#### [INFORMATION SHOWN]
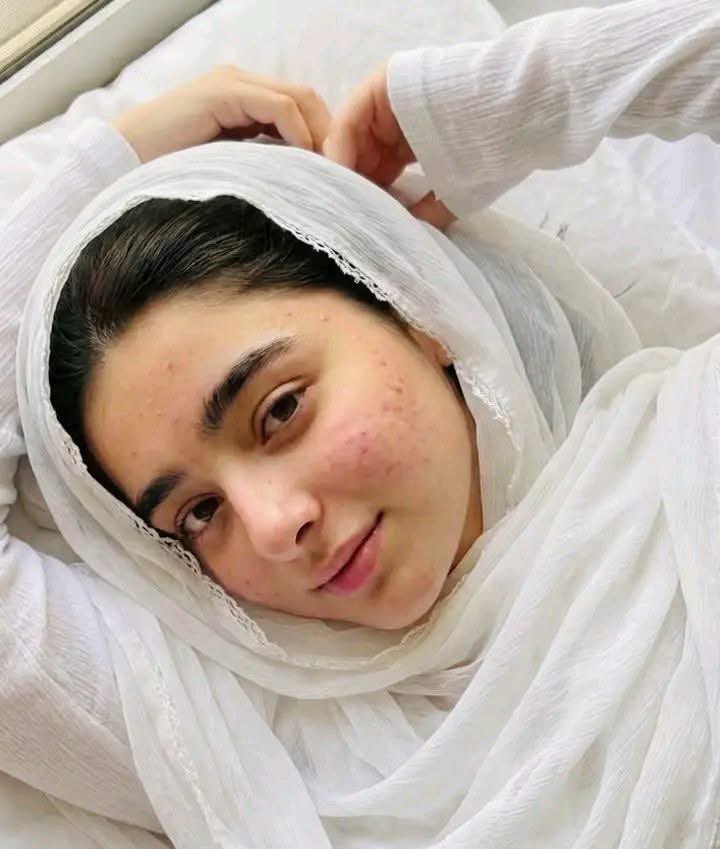 مہک میرج بیورو 💑👉🏻 tweet media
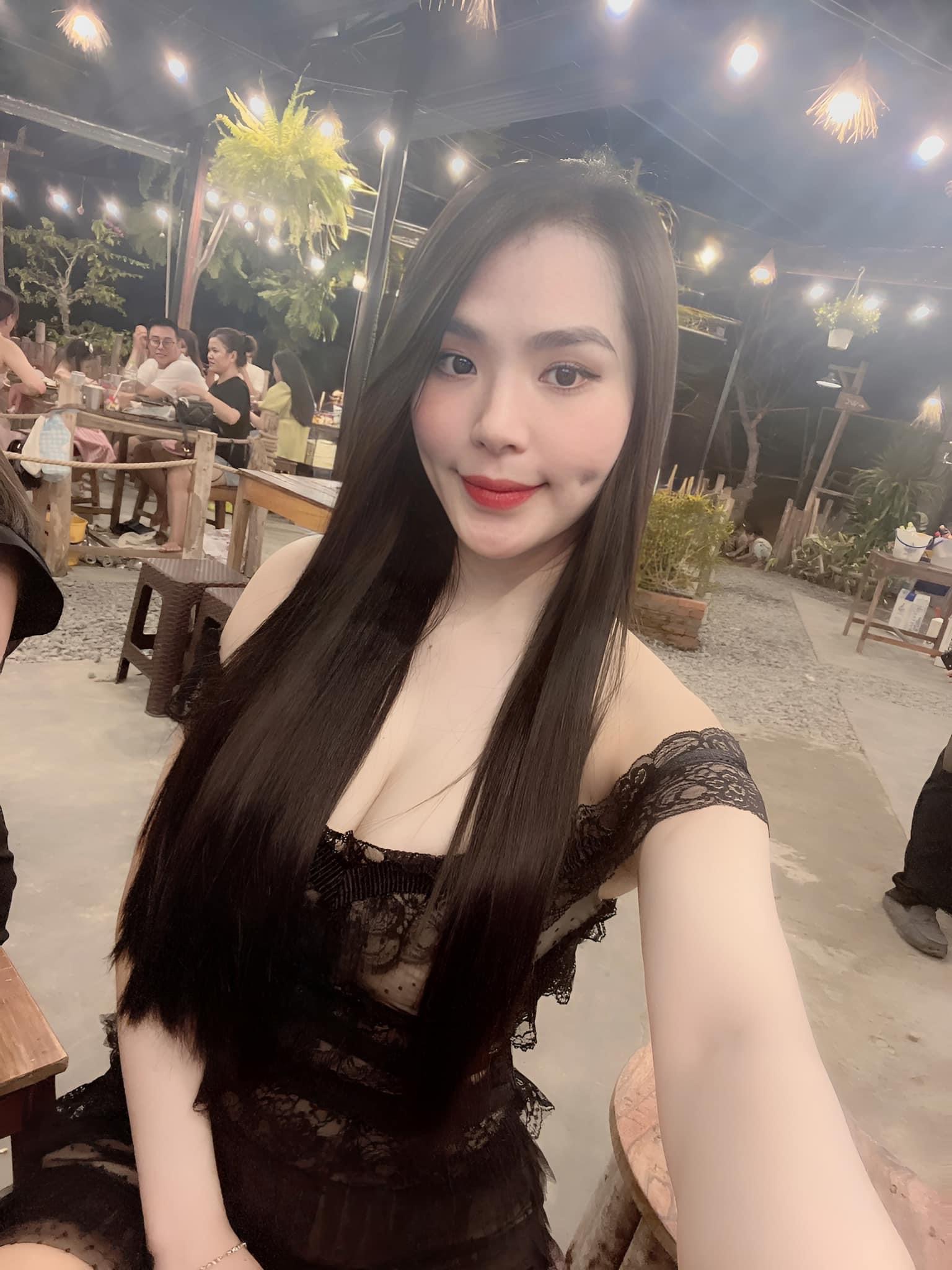 181440-e66a81806f4c.jpeg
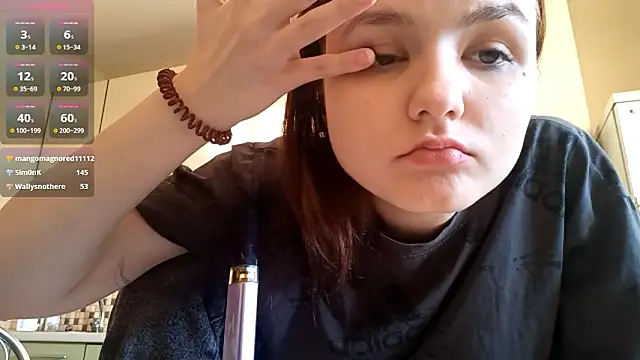 GameToiler Obrolan Langsung XXX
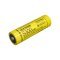 Nitecore 21700 NL2153HP akku 3,6V 5300mAh Li-Ion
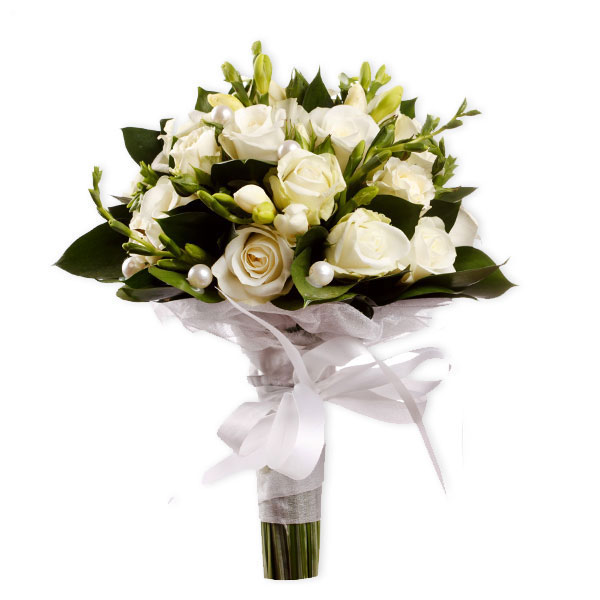 images/products/wedding-bouquet-white-classic.jpg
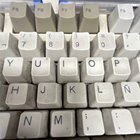 Chuki thumbnail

#### [AIM OF THE EXERCISE]
Return each line above exactly; any pictures are to be skipped.

#### [SOLUTION]
 مہک میرج بیورو 💑👉🏻 tweet media
 181440-e66a81806f4c.jpeg
 GameToiler Obrolan Langsung XXX
 Nitecore 21700 NL2153HP akku 3,6V 5300mAh Li-Ion
 images/products/wedding-bouquet-white-classic.jpg
 Chuki thumbnail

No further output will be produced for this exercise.